Habitué des enquêtes vintage à tiroirs, Matt Kindt s’attaque au thriller contemporain, et en l’espèce abyssal, à 9 000 mètres de profondeur.

 » Dans l’espace, personne ne vous entend crier« , assénait la bande-annonce d’ Alien. Grâce à Matt Kindt, on peut confirmer qu’au fond de l’océan, c’est pareil. Et quand on dit au fond, c’est vraiment tout au fond: précisément à 9 000 mètres sous le niveau de la mer, là où, dans un futur proche, le professeur Hari Hardy a installé Dept. H, un modèle de base scientifique  » devenu symbole de progrès, d’optimisme et d’espoir » dans un monde qu’on devine bien plombé. Sauf que le professeur est mort, tué par l’effondrement d’une capsule. Un accident étrange, qui n’en est peut-être pas un. Sa fille Mia se rend sur place malgré son aversion de l’eau et n’a que quelques heures devant elle pour examiner les lieux du décès et en enregistrer tous les éléments -la base a été sabotée et sera totalement inondée dans les 24 heures. Heureusement que Mia a une mémoire parfaite et se souvient de tout:  » je suis incapable d’oublier des choses que je préfèrerais oublier. Et j’ai beaucoup de mal à pardonner« . Mia doit donc se dépêcher pour découvrir qui des sept membres de l’équipage a, peut-être, assassiné son père. Mais l’on sait déjà après ce premier volume que Matt Kindt ne se contentera pas de produire un Cluedo sous-marin. Avec lui, chaque détail compte, et il faudra sans doute relire le tout le jour du dénouement.  » J’aime les livres où, une fois arrivé à la fin, on comprend qu’on a manqué quelque chose, qu’on va devoir le relire et s’y plonger totalement« , nous expliquait l’auteur au dernier festival d’Angoulême.
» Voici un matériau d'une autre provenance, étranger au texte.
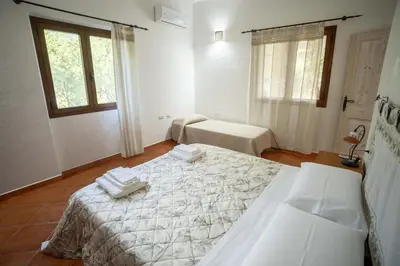 Letto o letti in una camera di Casa Iriai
Dans le cas présent, il ne pouvait mieux dire.

En eaux troubles

Ivresse des profondeurs

Quelle bonne idée -une de plus- de Matt Kindt, de réinventer ainsi le principe du huis clos étouffant en remplaçant l’espace par la flotte! Les atmosphères sourdes et dérangeantes n’en sont que plus moites et réussies, pour un thriller comme toujours aussi, chez lui, original et ambitieux: Dept H. fut édité dès 2016 chez Dark Horse Comics en 24 épisodes distincts, formant un énorme puzzle de plus de 700 pages! 700 pages désormais découpées en quatre gros volumes que Futuropolis promet de publier sur une année. L’immersion n’en est que plus forte, donnant au storytelling oppressant de Matt Kindt toute l’ampleur qu’il mérite. Un storytelling à la précision d’horloger suisse rehaussé cette fois-ci par les couleurs directes et à l’aquarelle réalisées par son artiste d’épouse, et par l’imaginaire que l’auteur a dû déployer ici, en lieu et place des références vintage qui d’habitude hantent ses récits, comme dans le récent Du sang sur les mains, déjà événement. Dans Dept. H, Matt Kindt s’invente des bases et des véhicules sous-marins d’une grande originalité, en plus de toute une faune abyssale. Le tout pour une expérience anxiogène à ne pas manquer.

Dept. H – meurtre en grande profondeur (t.1)

De Matt Kindt et Sharlene Kindt, Éditions Futuropolis, 168 pages.